Background
We recently refactored instrument configs fetching to make updating configs asynchronous which is riding the train this week.
Also this week, Moderator Tools is running a logged-in experiment that is scheduled to start 2025-08-06.
Description
There are a few steps we need to sequence in order to make sure events are not dropped for our partner product team as we transition from the previous method of instrument configs fetching to the asynchronous new way.
Here are a few things to keep in mind as we make a rollout plan:
- The wikis in the Moderator Tools experiment are all group2 wikis - the train cut for this group is 2025-08-07 UTC 18:00
- The asynchronous instrument configs fetching patch was merged on 2025-07-30 and will ride the train this week - it will roll out to group2 wikis on 2025-08-07 UTC 18:00
- The asynchronous instrument configs fetching patch requires a puppet change to be deployed that runs a periodic maintenance script to update configs
- The puppet change needs to be deployed by an SRE << and this deployment needs to be scheduled after the asynchronous instrument configs patch rolls out to group2 because it relies on code in the master branch.
- In order to pre-empt not having data loss for the Moderator Tools experiment, we need to deploy a config patch to include the group2 wikis in $wgMetricsPlatformEnableExperimentConfigsFetching to ensure data collection for the current (old) way of configs fetching and because the xLab onBeforeInitialize hook checks for this config var before calling updateExperimentConfigs(). If we deploy this config change on 2025-08-06 before the asynchronous patch goes to group2 on 2025-08-07, the Moderator Tools experiment's data collection should in theory be seamless - old way uses one set of cache keys while the asynchronous new way uses a different set of cache keys.
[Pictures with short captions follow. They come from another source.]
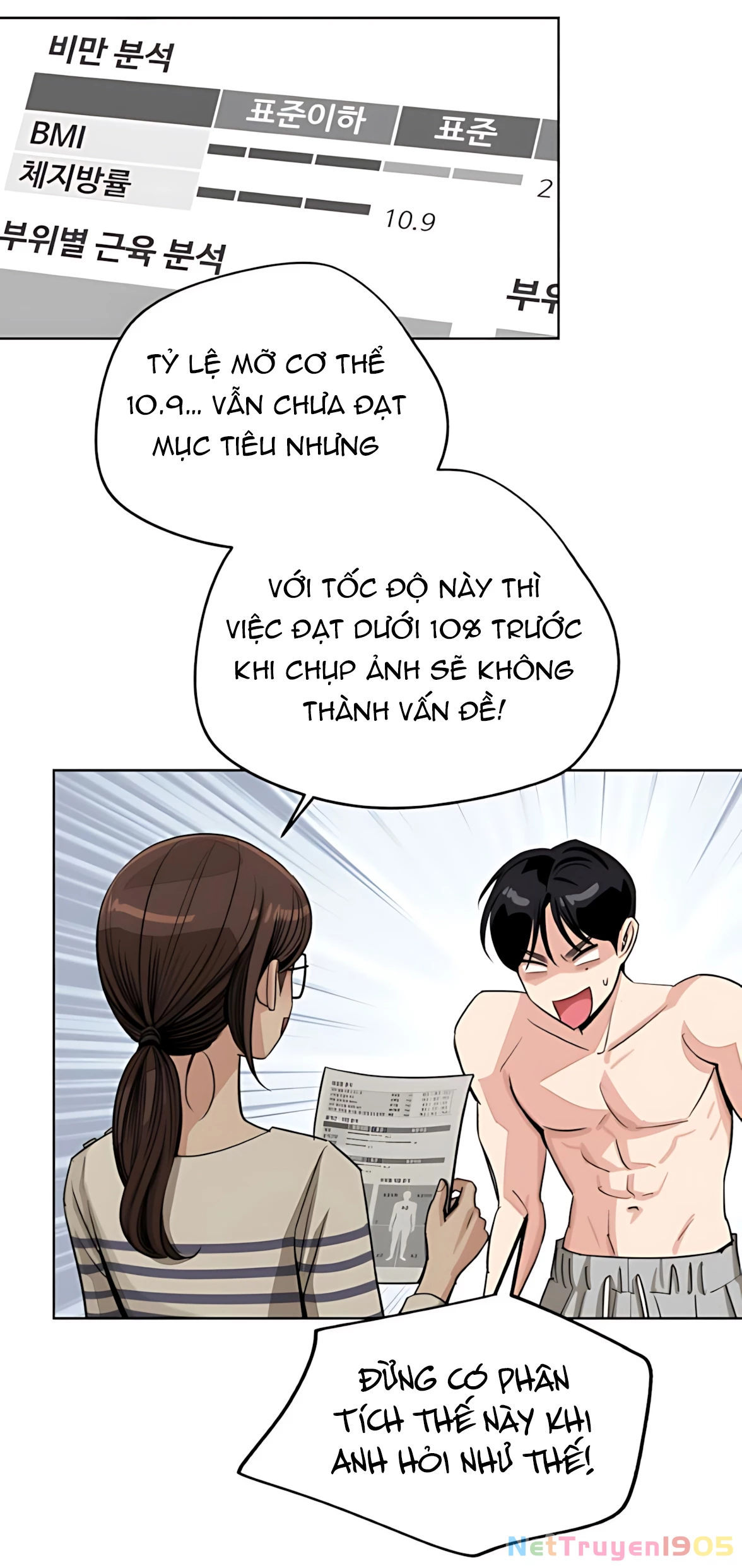 Tình Yêu Của Ik Seob Chapter 80.1 - 5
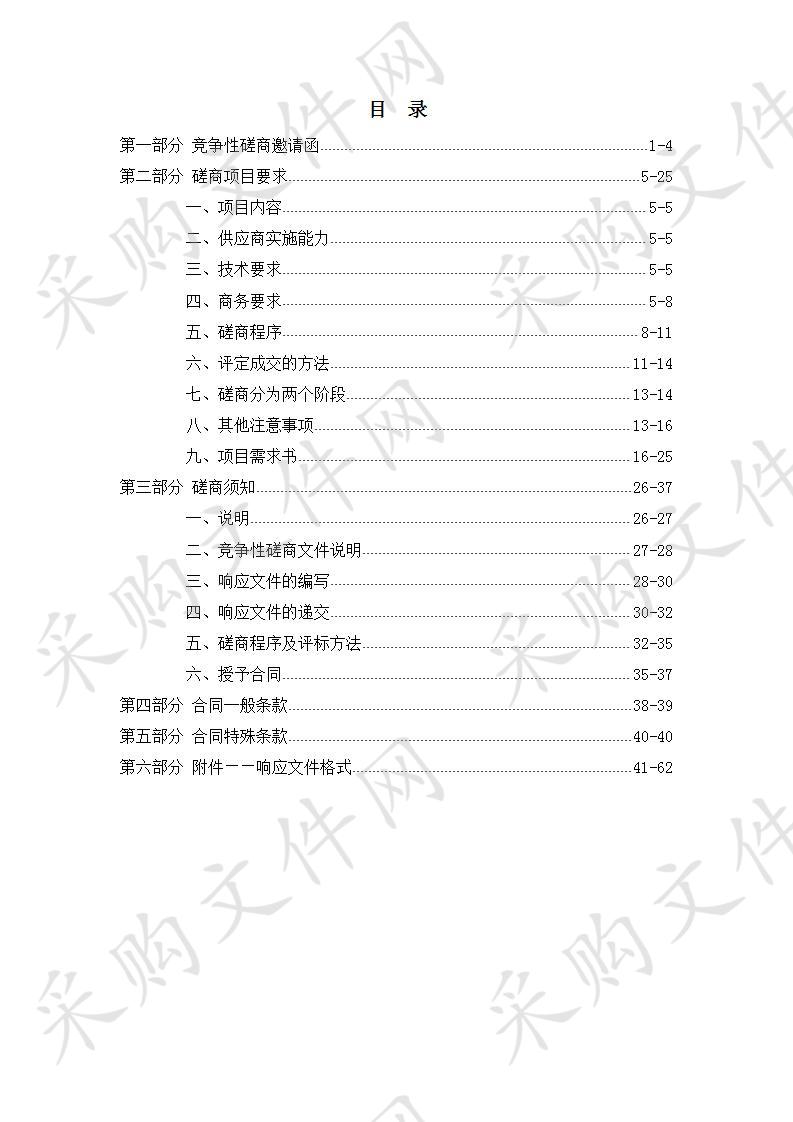 农业农村部渔业环境及水产品质量监督检验测试中心（天津） 进口氨基酸分析仪 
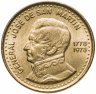 Купить Аргентина 100 песо (pesos) 1978 "200 лет со дня рождения Хосе де Сан-Мартина"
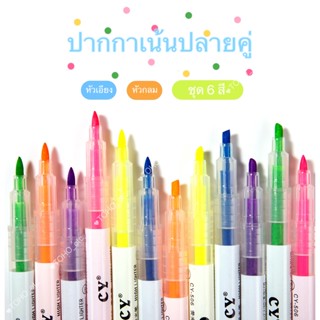 {YGB-6} (ยกแพ็ค6แท่ง) ปากกาไฮไลท์ 6 สี แท่งละ 2 หัว *ราคานี้ได้ 6 แท่ง* ไฮไลท์ ปากกาเน้นข้อความ (Highlighter)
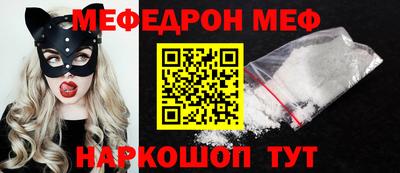хмурый Апрелевка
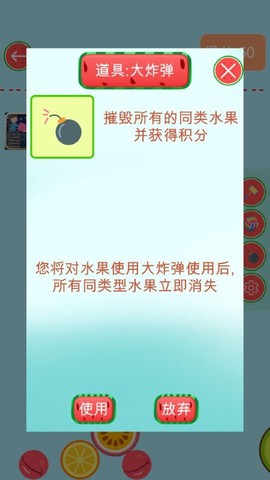 西瓜大合成[图1]
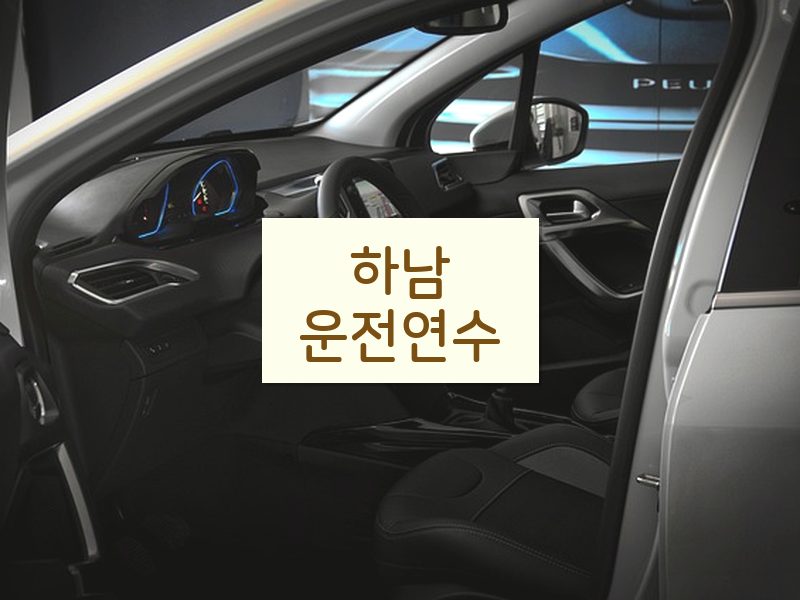 하남운전연수 후기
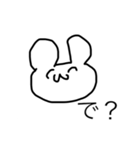 雑なクマ。（個別スタンプ：1）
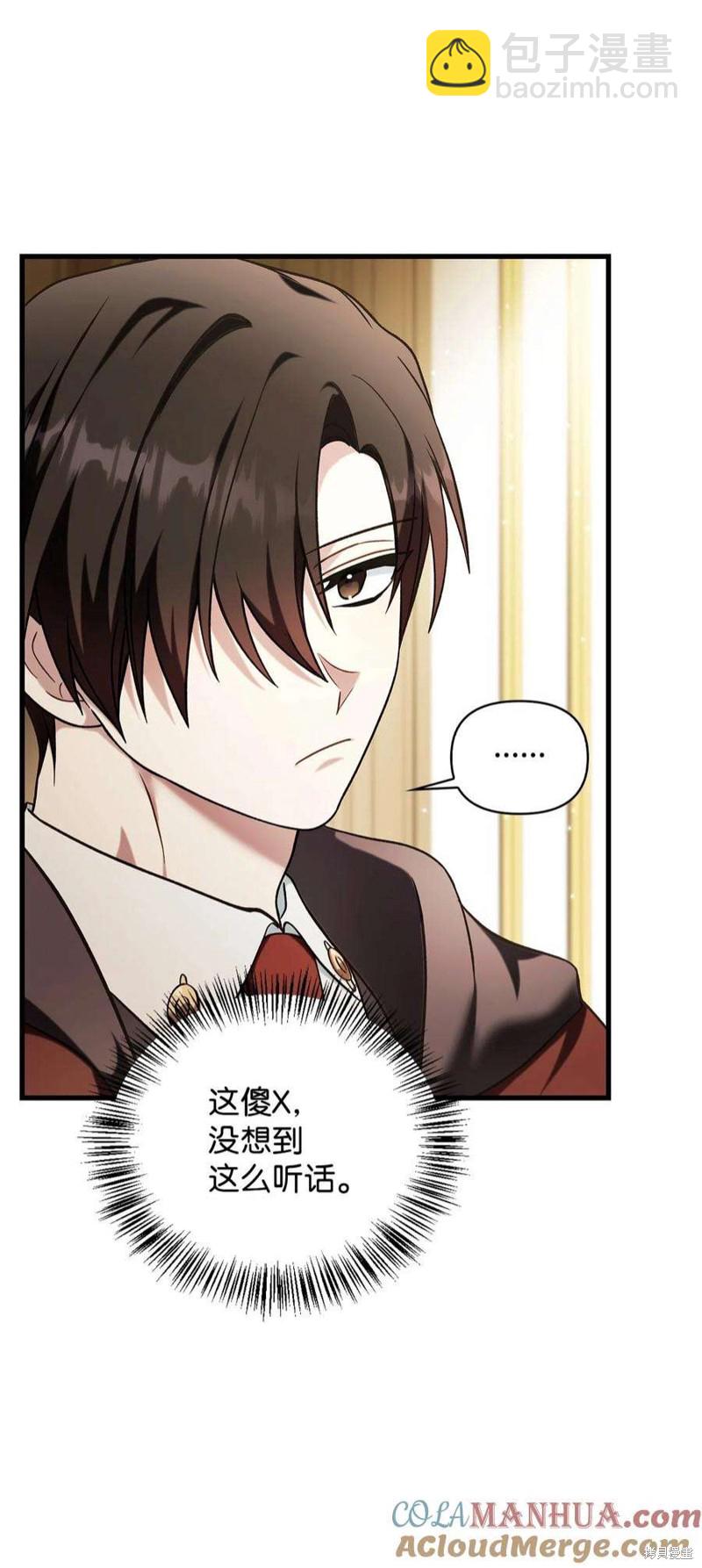 第74话63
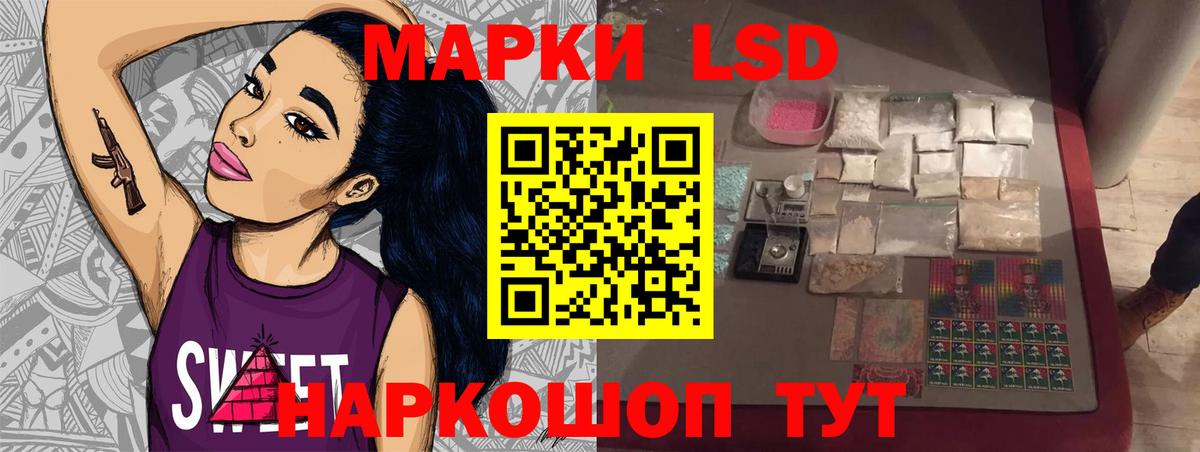LSD-25 экстази кислота  ЛСД экстази ecstasy  Лсд 25 экстази  Вход с VPN  Костомукша 
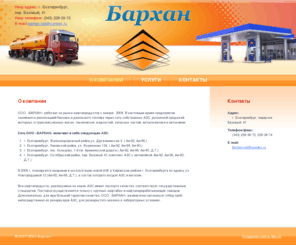 barhan.org: ООО Бархан нефтепродукты оптом и в розницу в Екатеринбурге
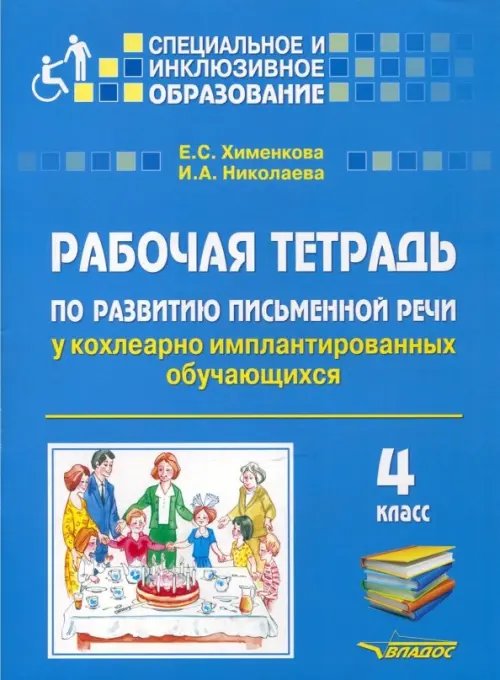 Рабочая тетрадь по развитию письменной речи у кохлеарно имплантированных обучающихся. 4 класс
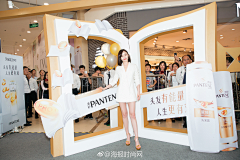 Hmakiyuki采集到美妆模特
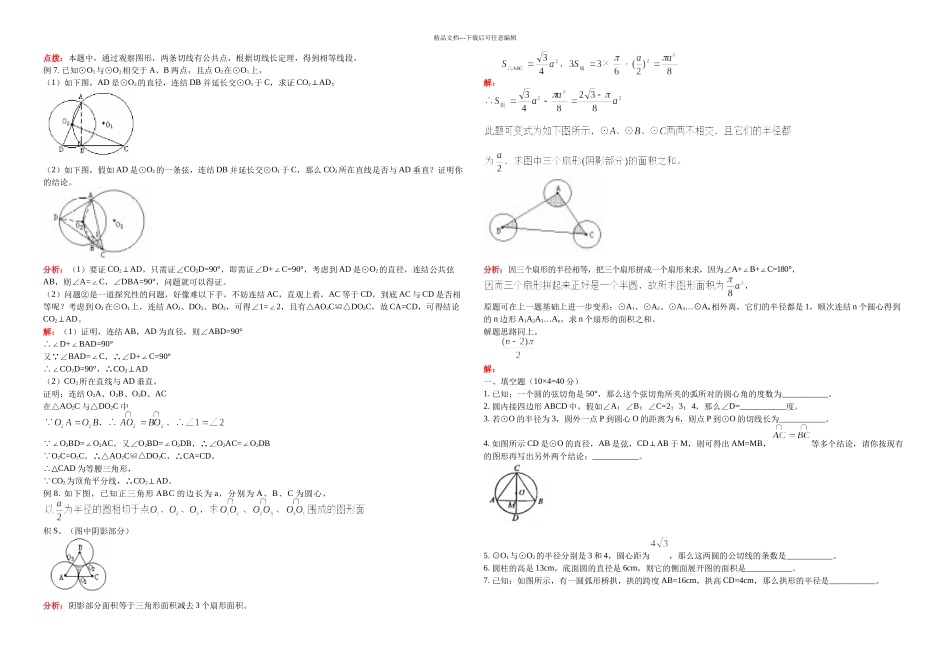 初三数学-有关圆的经典例题_第3页
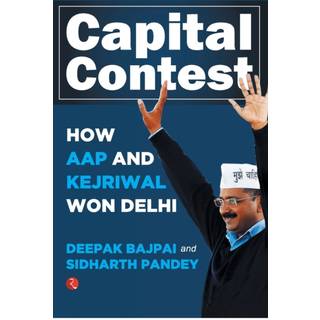 Capital Contest
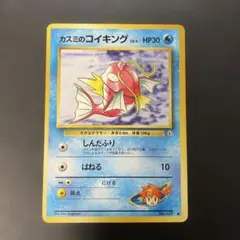 2026年最新】ポケモンカードゲームの人気アイテム - メルカリ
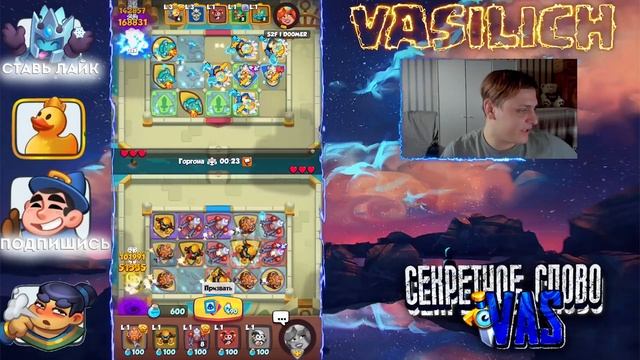 RUSH ROYALE | КОЛОДА САМО АПП | СКОЛЬКО ПРОСТОИТ ЭТО БЕЗУМИЕ? | ОЖИВИЛИ РОБОТА | ТОЛЬКО НА НЕДЕЛЮ | смотреть онлайн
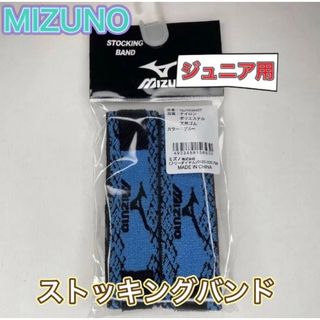 ミズノ(MIZUNO)のMIZUNO ミズノ 子供用 ストッキングバンド ブルー(ウェア)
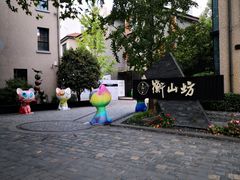 -徐家汇源景区-衡山坊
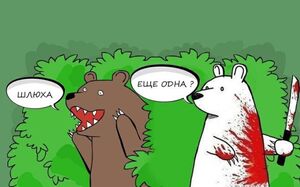 Воспоминания о 2000-х годе: работа, трагедия и мысли о времени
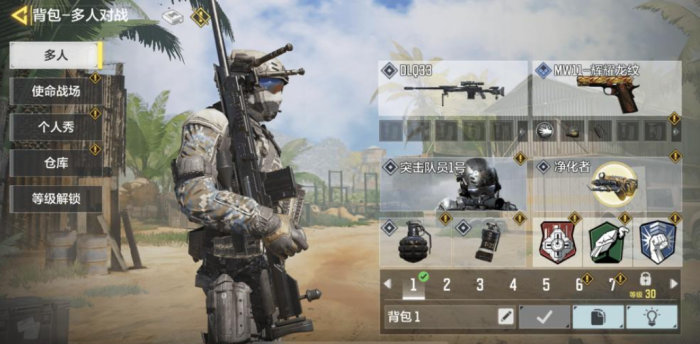 使命召唤手游狙击枪怎么搭配2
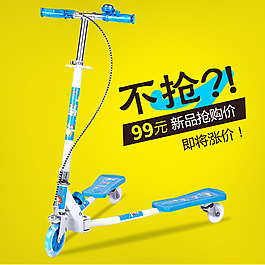 三輪滑板車直通車源文件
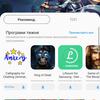 Recenzja Samsung Galaxy A80: smartfon eksperyment z obrotową kamerą i dużym wyświetlaczem-247 Recenzja Samsung Galaxy A80: smartfon eksperyment z obrotową kamerą i dużym wyświetlaczem-247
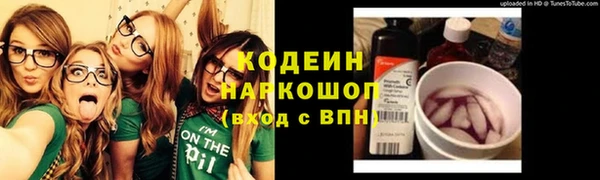 МДПВ Нягань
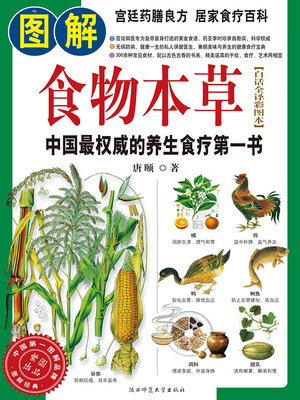 cover image of 图解食物本草
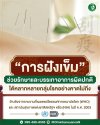 "การฝังเข็ม" ช่วยรักษาและบรรเทาอาการผิดปกติได้หลากหลายกลุ่มโรคอย่างคาดไม่ถึง "การฝังเข็ม" ช่วยรักษาและบรรเทาอาการผิดปกติได้หลากหลายกลุ่มโรคอย่างคาดไม่ถึง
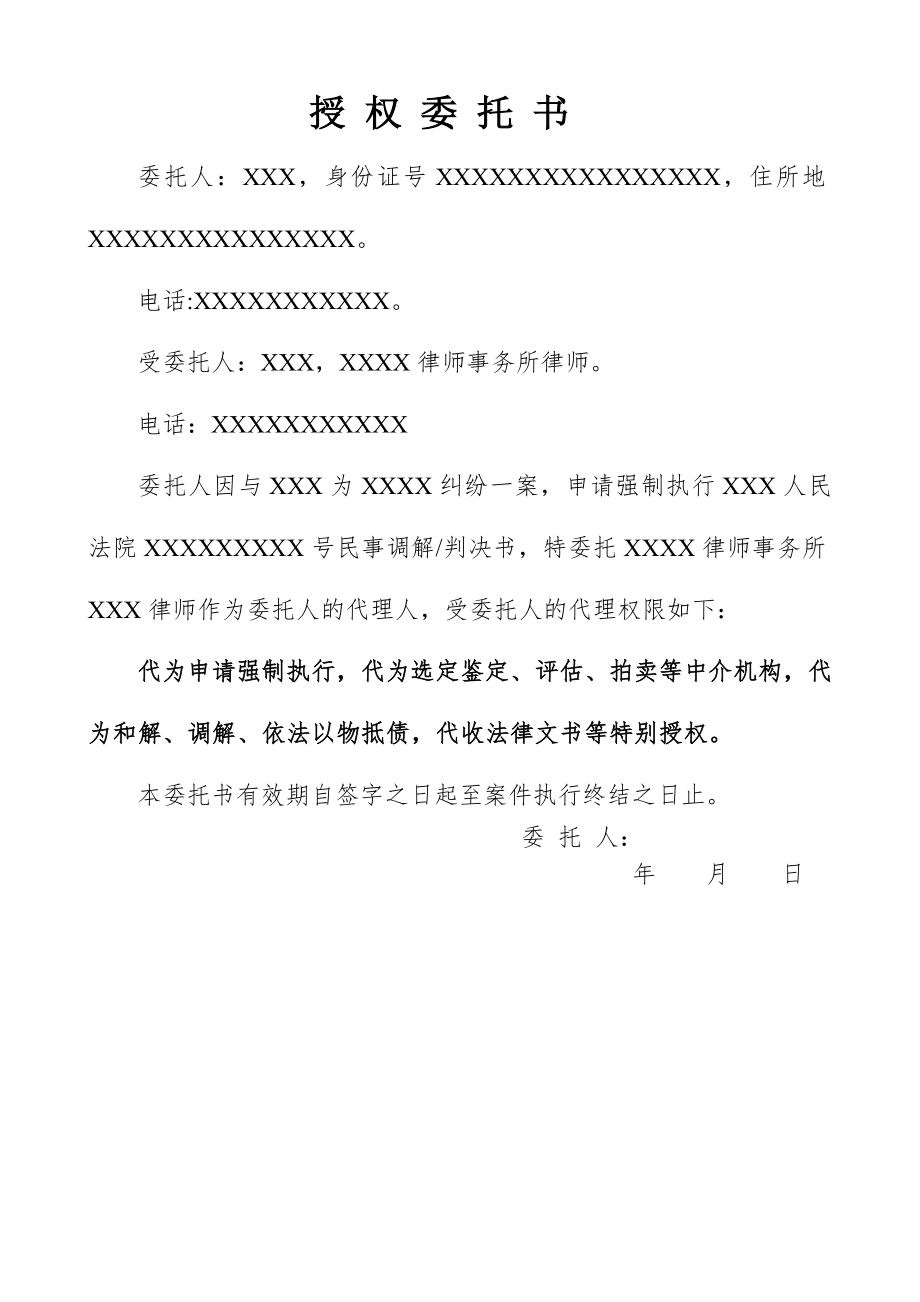 强制执行授权委托书.doc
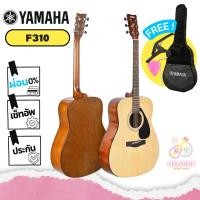 ราคา กีตาร์โปร่ง YAMAHA F310 ของแท้ ประกันศูนย์ ของแถมเพียบ (45900825836)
- Ideally, because of deployment synchronization issues, let's inquire with Moderator Tools to see if we can punt the start date to 2025-08-11
Rollout Plan:
- Deploy the puppet patch after the asynchronous instrument configs fetching patch is on production i.e. after 2025-08-07 UTC 18:00
Test Plan:
- run a logged-in experiment on any wiki
- verify data collection looks good
In theory, there should not be data loss for the Moderator Tools logged-in experiment based on reviewing the code path for updating configs as long as the correct config vars are in production.